### What you have to do
Please keep pictures out and return the lines below exactly, from the one holding "XLD-A7 150W 30" through the last, both included.

### Dataset entries

=== Section Start ===

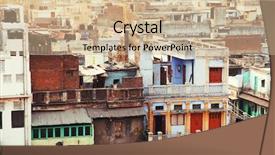  Presentation with new delhi - Presentation design having pollution in new delhi india background and a soft green colored foreground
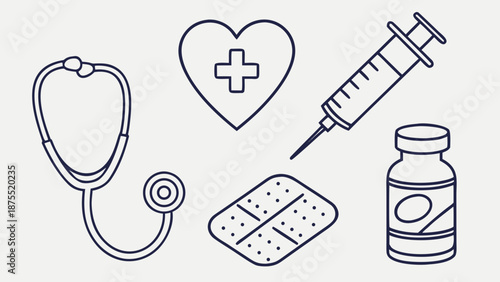 Medical icons stethoscope syringe heart bandage and medicine bottle.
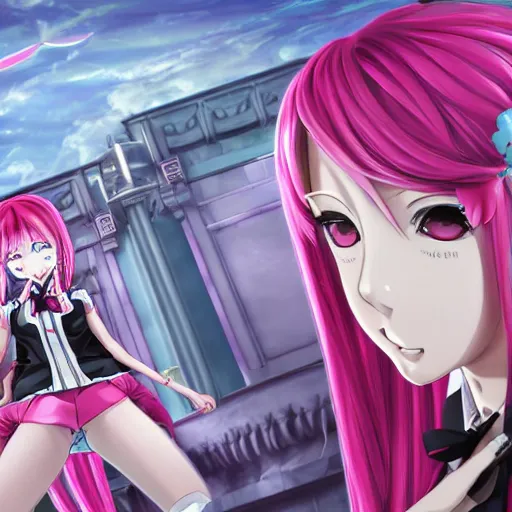 Prompt: trapped by stunningly beautiful omnipotent megalomaniacal anime agi goddess who looks like junko enoshima with symmetrical perfect face and porcelain skin, pink twintail hair and mesmerizing cyan eyes, taking control while smiling, inside her surreal vr castle, hyperdetailed, digital art, danganronpa, unreal engine 5, 2 d anime style, 8 k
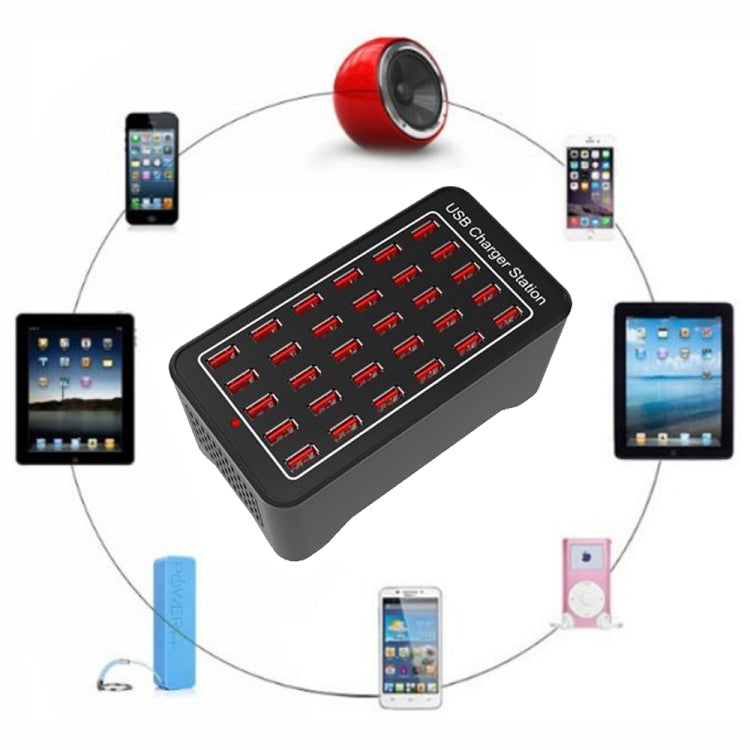 XLD-A7 150W 30 USB Ports Fast Charger Station Smart Charger, AC 110-240V, Plug Size:US Plug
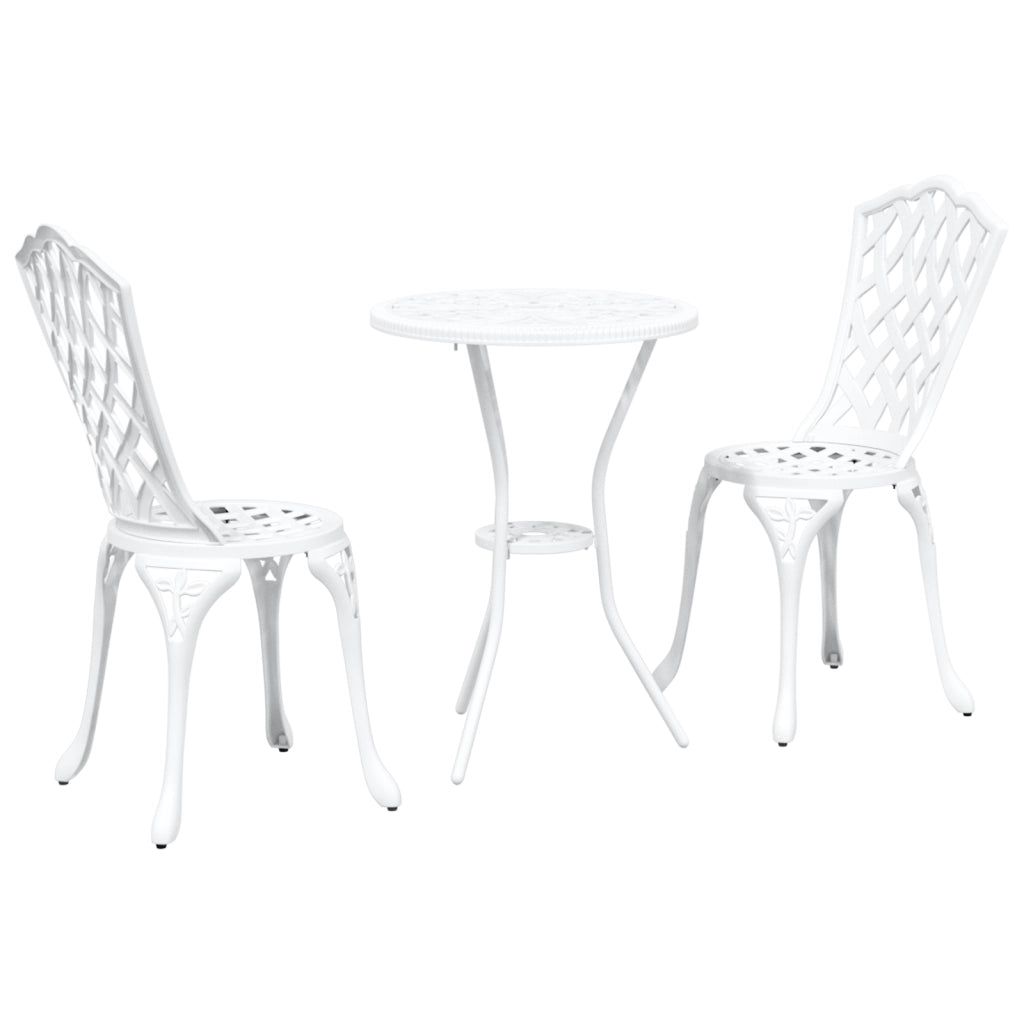 Set Giardino Bistro 3 Pezzi Bianco in Alluminio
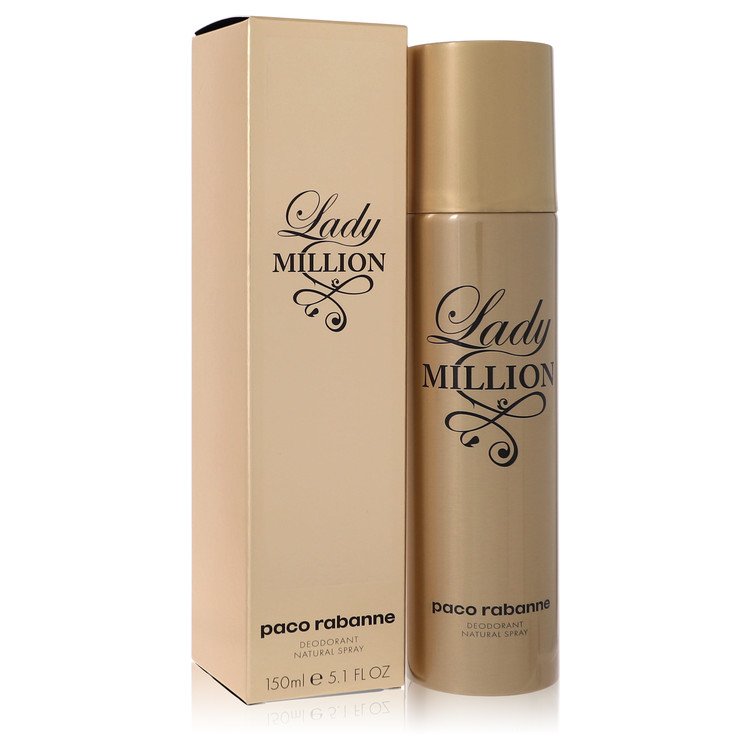 image showing the bottle and packaging for Lady Million Perfume by Paco Rabanne Deodorant Spray 150ml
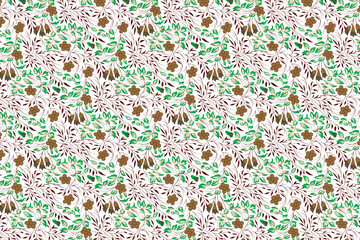 seamless pattern with leaves Seamless pattern of little flowers and branches with leaves. Abstract small flower pattern. Vector illustration.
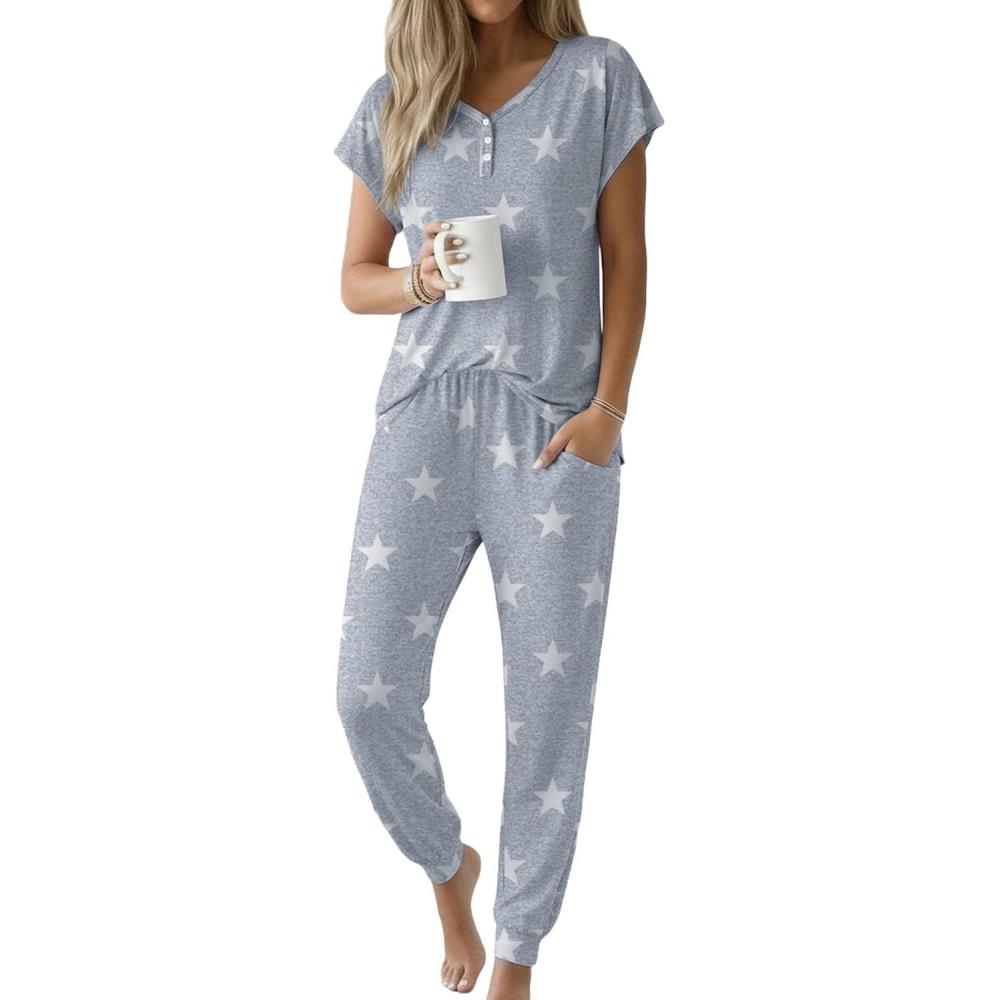 imageEkouaer Viscose from Bamboo Womens Pajama Sets Super Soft Short Sleeve Button Top and Pants Pj Sleepwear Sets SXXLGrey Star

=== Section End ===

### Task solution
 XLD-A7 150W 30 USB Ports Fast Charger Station Smart Charger, AC 110-240V, Plug Size:US Plug
 Set Giardino Bistro 3 Pezzi Bianco in Alluminio
 image showing the bottle and packaging for Lady Million Perfume by Paco Rabanne Deodorant Spray 150ml
 seamless pattern with leaves Seamless pattern of little flowers and branches with leaves. Abstract small flower pattern. Vector illustration.
 imageEkouaer Viscose from Bamboo Womens Pajama Sets Super Soft Short Sleeve Button Top and Pants Pj Sleepwear Sets SXXLGrey Star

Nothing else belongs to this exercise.